Quelles étaient vos motivations lorsque vous avez fait d'une part le reportage sur l’extrême droite puis sur la ZAD de Sivens ?
Dans les cortèges, il y avait bien sur des petites familles de Versailles en mocassin blanc et en foulard Hermès mais aussi ce volet de vrai fasciste aux cranes rasés. J'ai voulu me pencher sur cet aspect là. Par la suite je me suis demandé si j'avais bien fait parce qu'on ma reproché d'avoir esthétisé l'extrême droite et ça a ouvert tout un questionnement en moi. Par la suite, j'ai voulu savoir ce qui poussait des gens à venir à Sivens pour construire des choses nouvelles. Ca a été un travail plus facile puisque j'avais des attaches personnelles et une proximité tant idéologique qu'humaine avec eux.
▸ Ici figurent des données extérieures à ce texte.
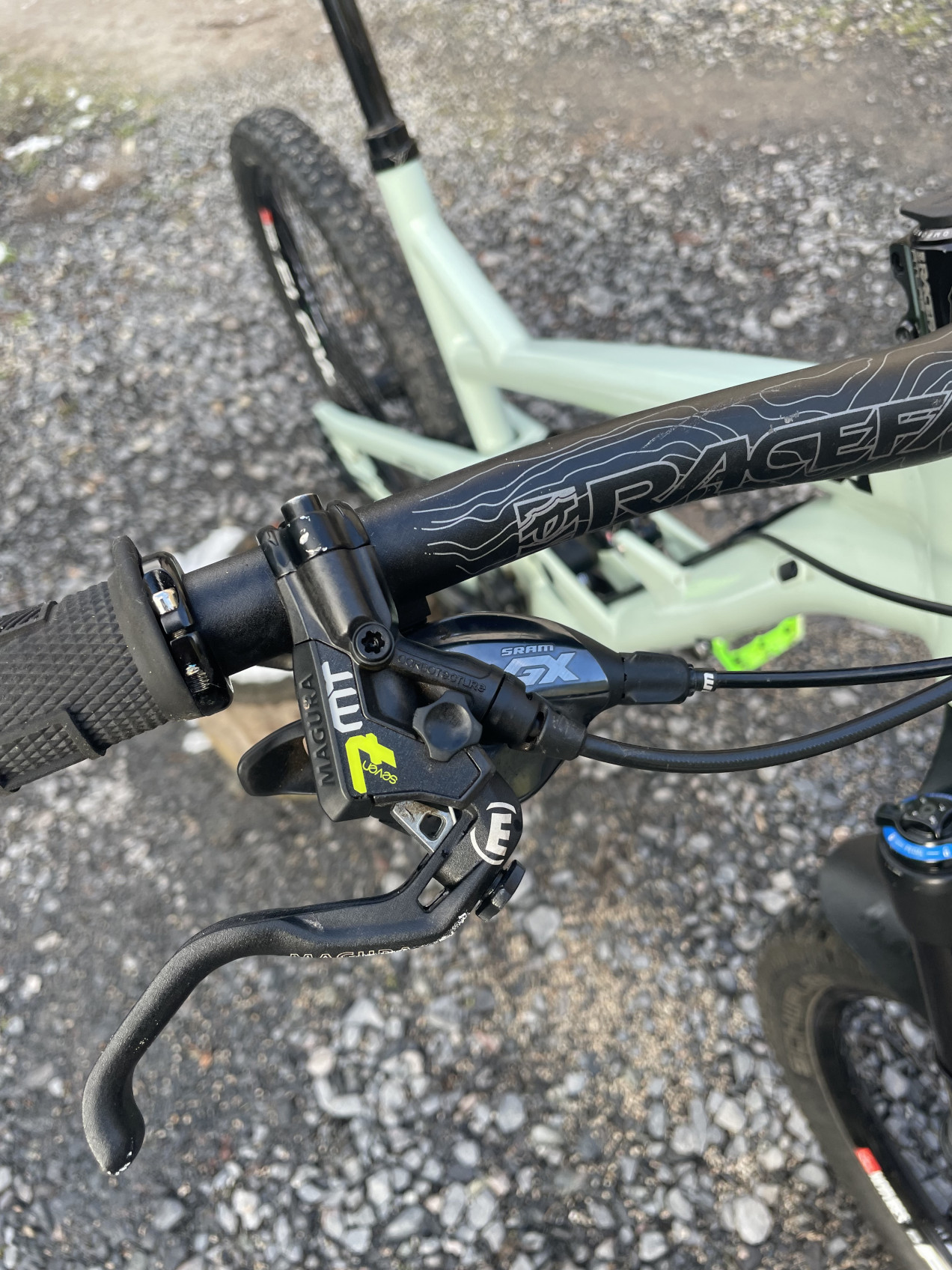 2017 yt capra pro race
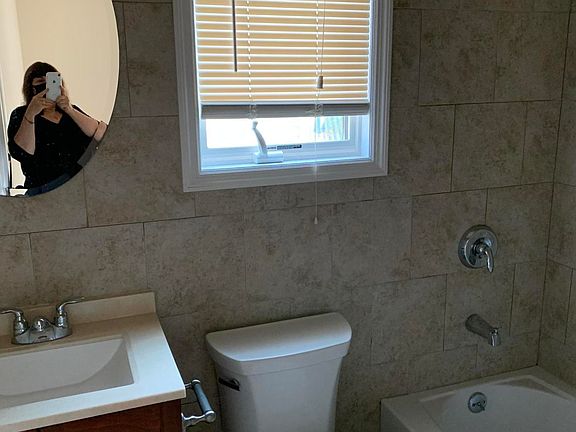 3rd image of 226 Seaview Ave #1A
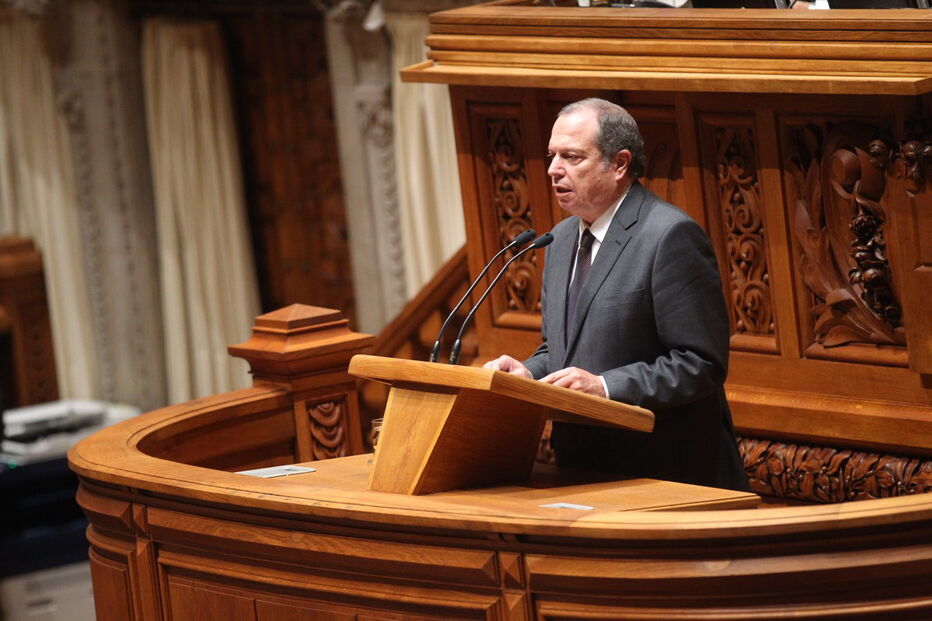 Carlos César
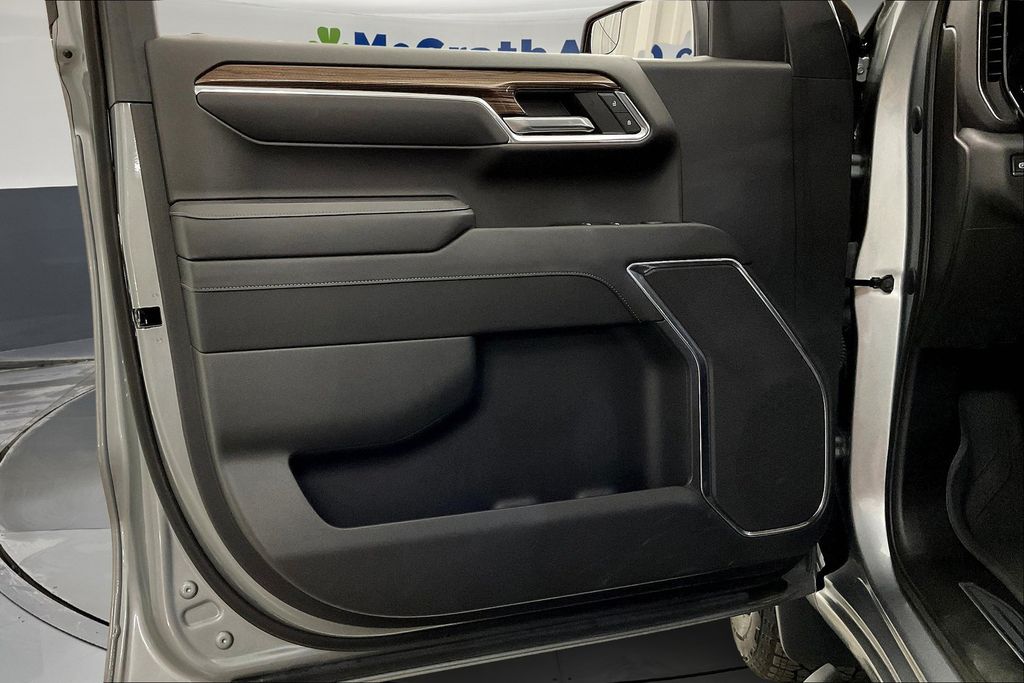 2023 Chevrolet Silverado 1500 RST photo 22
ZAD de Sivens, 2014, face à face entre un gendarme et un manifestant contre le projet de barrage
©Louis Witter
Pourquoi le reportage sur l'extrême droite s'est mal terminé ?
Je l'ai proposé au Prix Paris Match du Photoreportage étudiant. Mais la manière dont le reportage a été présenté, les légendes et le fait qu'on voit leur visage, bien qu'ils l'avaient initialement accepté, n'a pas plu à ceux que j'avais photographié. C'est-à-dire que quand ils font le salut nazi, il faut le dire parce que c'est la réalité. Finalement ils m'ont mis la pression à mon retour de stage.
Pourquoi cherchez vous a expérimenter toutes les facettes de la société civile ?
C'est certainement un peu égoïste mais les sujets qui m’intéressent sont souvent les sujets qui me révoltent ou qui me touchent personnellement. Ce sont des thèmes que j'ai envie de comprendre et que j'ai envie de faire comprendre aux autres.
15 septembre 2016, Paris, Manifestation contre la loi travail
©Louis Witter
Avez vous besoin de toujours vous sentir concerné ou engagé dans le sujet pour photographier ?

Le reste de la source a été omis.